Profissionais formados nas décadas de 1960 a 1990 tiveram uma vantagem salarial expressiva em relação à média da população, permitindo maior capacidade de poupança e investimento. Esses profissionais tiveram acesso a fontes de renda diversas, no setor público ou em grandes empresas privadas, garantindo renda consistente e a possibilidade de investir a longo prazo.

Durante o período de alta inflação no Brasil (até o Plano Real em 1994), quem possuía conhecimento financeiro e acesso a investimentos protegidos da inflação (como imóveis, overnight e títulos indexados) conseguiu preservar e aumentar seu patrimônio. Com o crescimento do carregamento de títulos de dívida pública, na segunda metade dos anos 1990s e, depois, com o “tripé macroeconômico” com juros disparatados para atrair ao risco soberano em vez do risco cambial, esses profissionais passaram a investir mais em ativos como fundos de investimento, previdência privada e depósitos a prazo – e menos em ações e imóveis.

A financeirização da economia brasileira, no século corrente, permitiu a ampliação de opções de investimento para aqueles já com algum capital acumulado, facilitando a transição para faixas de riqueza mais altas.

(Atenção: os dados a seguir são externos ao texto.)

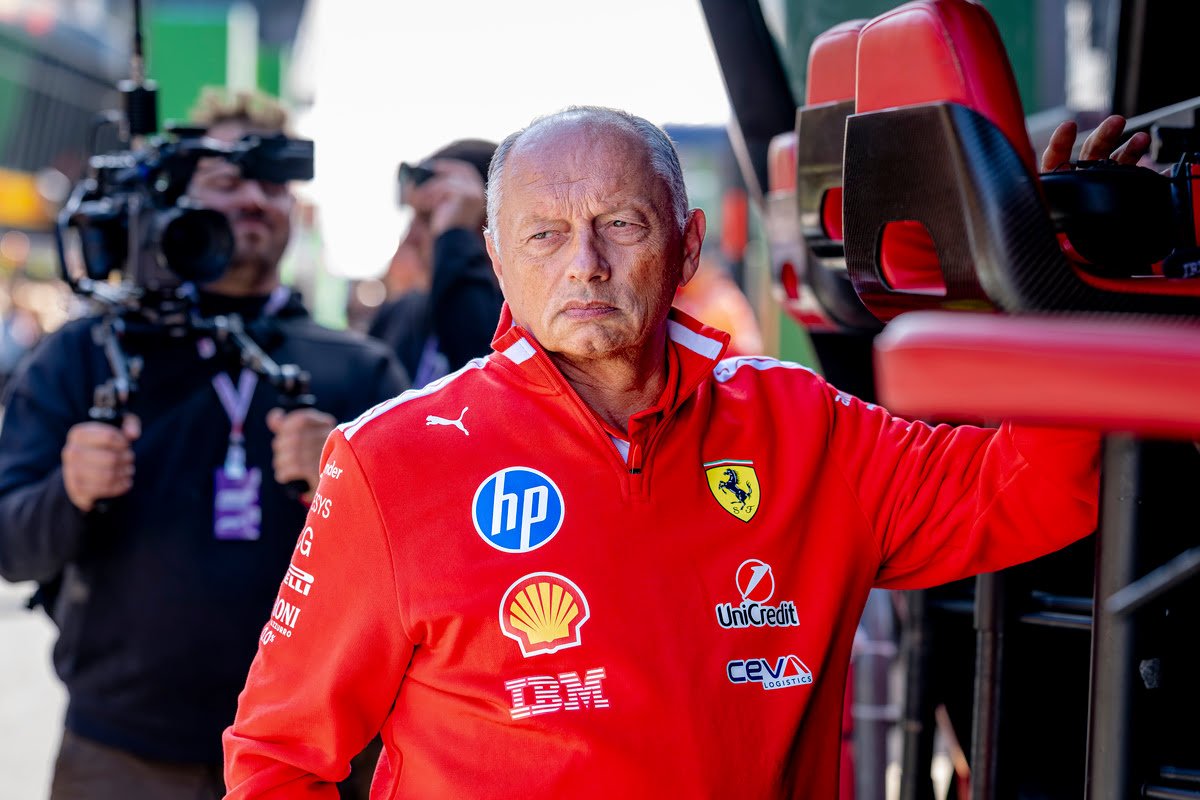 FerrariF1FRA's tweet photo. 🔴 Ferrari : les déclarations de Frédéric Vasseur après le Grand Prix de Baku.

- « Nous savions que nous aurions du mal sur un circuit où la vitesse en ligne droite compte autant, mais nous nous attendions à mieux, d’autant plus que nous partions en première ligne. Au lieu de cela, dès le début, nous perdions une place par tour et nous ne pouvions rien y faire, nous ne pouvions que nous défendre. Le rythme était pourtant bon, mais nous ne pouvions pas dépasser ».

- « Nous avons tout de même marqué plus de points que McLaren, même si je sais que notre objectif est de remporter des courses et de nous battre pour les titres ».

(https://t.co/0HZaImg8Np)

Os bancos desenvolveram segmentos como Personnalité, Estilo, Prime e Van Gogh para atender pessoalmente clientes com um patrimônio expressivo, oferecendo consultorias.

Muitos desses clientes são ex-profissionais liberais, ex-executivos e ex-funcionários públicos ou estatutários aposentados. Acumularam riqueza ao longo de décadas e hoje fazem parte desses segmentos.

A correlação entre a formação universitária, alcançada no século XX, e o crescimento do segmento de varejo de alta renda nos bancos brasileiros tem indícios de ser forte, pois esses indivíduos tiveram melhores oportunidades de emprego, renda e investimentos. Isso lhes permitiu acumular riqueza suficiente para ingressar em segmentos de alta renda e, em alguns casos, até no Private Banking, dependendo do nível de patrimônio atingido.